For the most part, the crowd attending the recent launch of Paper Monument’s pamphlet “I Like Your Work: Art and Etiquette” were polite indeed–a relief for an elbow-averse attendee squished into a dimly lit artist space in Brooklyn. To explain the nature of this politesse, to unpack the intricacies of class, affect and social rank at play in the overheated yoga studio, could span volumes. So it is a clever feat to boil this insight down into a trim monograph.
The result is hilarious and surprisingly useful. It turns out that the proper number of air-kisses to dispense is a mystery to everyone. At art openings, courtesy dictates embargoing cruel comments for a distance of six blocks. Descriptions of etiquette breaches are excruciating to imagine, but addictive to read: a performance piece throws sawdust on a mentally disabled man, who has a fit before being led away by the gallerist; an unknown visitor devours an artist’s personal pizza pie; a collector’s daughter rubs out her cigarette on her stepfather’s Mondrian (after calling her own mother a “fat whore”).
Other breaches are more prosaic. Is it really so excruciating to have a famous photographer confuse you for a caterer?
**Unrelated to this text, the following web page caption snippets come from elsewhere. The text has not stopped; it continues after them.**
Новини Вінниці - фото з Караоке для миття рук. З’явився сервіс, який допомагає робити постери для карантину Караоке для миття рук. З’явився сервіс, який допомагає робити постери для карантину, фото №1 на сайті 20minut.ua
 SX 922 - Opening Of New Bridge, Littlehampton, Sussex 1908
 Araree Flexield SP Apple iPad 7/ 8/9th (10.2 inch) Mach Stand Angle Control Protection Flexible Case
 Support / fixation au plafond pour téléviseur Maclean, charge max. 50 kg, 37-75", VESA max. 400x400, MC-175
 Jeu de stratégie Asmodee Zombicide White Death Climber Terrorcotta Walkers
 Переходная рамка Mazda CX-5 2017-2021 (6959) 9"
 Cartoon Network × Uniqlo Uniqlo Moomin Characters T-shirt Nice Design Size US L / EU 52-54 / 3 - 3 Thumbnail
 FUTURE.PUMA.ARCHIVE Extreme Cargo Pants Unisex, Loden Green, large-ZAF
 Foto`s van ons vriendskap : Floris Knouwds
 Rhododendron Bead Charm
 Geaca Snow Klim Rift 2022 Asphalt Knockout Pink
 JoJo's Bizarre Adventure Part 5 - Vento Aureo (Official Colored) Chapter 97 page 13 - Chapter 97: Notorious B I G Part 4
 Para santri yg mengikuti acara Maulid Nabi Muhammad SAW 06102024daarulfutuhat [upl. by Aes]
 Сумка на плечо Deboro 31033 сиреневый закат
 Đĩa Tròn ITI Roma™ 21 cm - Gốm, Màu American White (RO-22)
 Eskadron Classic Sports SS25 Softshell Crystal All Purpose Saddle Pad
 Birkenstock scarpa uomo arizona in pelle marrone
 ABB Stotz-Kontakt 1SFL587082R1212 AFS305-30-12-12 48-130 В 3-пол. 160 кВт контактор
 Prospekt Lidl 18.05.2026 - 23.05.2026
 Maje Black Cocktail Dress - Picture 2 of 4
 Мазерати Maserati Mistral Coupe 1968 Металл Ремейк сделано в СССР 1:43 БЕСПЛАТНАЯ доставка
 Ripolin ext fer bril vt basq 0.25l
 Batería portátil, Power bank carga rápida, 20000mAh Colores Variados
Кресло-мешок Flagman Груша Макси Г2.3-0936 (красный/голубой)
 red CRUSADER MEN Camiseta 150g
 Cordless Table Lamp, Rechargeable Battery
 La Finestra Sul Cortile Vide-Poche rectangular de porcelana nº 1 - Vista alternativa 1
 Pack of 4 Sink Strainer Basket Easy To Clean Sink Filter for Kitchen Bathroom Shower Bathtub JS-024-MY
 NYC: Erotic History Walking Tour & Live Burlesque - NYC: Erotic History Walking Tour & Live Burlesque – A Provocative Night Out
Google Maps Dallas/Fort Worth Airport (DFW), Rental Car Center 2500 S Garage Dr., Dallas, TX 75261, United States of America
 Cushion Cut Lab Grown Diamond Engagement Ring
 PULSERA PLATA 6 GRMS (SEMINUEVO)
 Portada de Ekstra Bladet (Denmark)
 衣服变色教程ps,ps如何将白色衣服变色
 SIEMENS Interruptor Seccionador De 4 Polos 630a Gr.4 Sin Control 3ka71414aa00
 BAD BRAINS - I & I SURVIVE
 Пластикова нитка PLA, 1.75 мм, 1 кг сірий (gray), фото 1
Should you only go to openings if you are invited? Occasionally an interviewee is either too glib or too obtuse to be worth reading, but such speed bumps are easily skipped or skimmed. And it is worth it for such gems as Dike Blair’s admission that she “somehow imagined it was permissible" when, as an art student, she chose to ring up Rosemarie Castoro at 8:30 on a Sunday morning to introduce herself. She asked if it was okay to pop up and see what was cooking in the studio, and brought a piece of her own work as a gift--a supreme imposition in real-estate scarce New York City.
For an art-world outsider the pamphlet is worth a read for an occasional glimpse at the mechanics of selection and reification. For example, Andrew Berardini, a critic, describes the Whitney Museum's culling process for its Biennale, whereby curators visiting artists' studios operate in sphinx-like ways, speaking to artists rarely (only to ask where they had gone to school), and concealing the path that led to their door (‘We have our ways"). "Where these rules came from I can’t say," admits Berardini, "but they seem so rigid that somebody, somewhere had to make them up.”
“I Like Your Work: Art and Etiquette” is very entertaining. As a periodical, Paper Monument is attempting something tricky, wobbling forward as a literary journal dedicated to art. The wit and pizzazz of this pamphlet suggest it might make sense for the magazine to loosen its collar a bit. It may then be able to become what is so sorely needed: a young, fresh update of Artforum and its art-world ilk.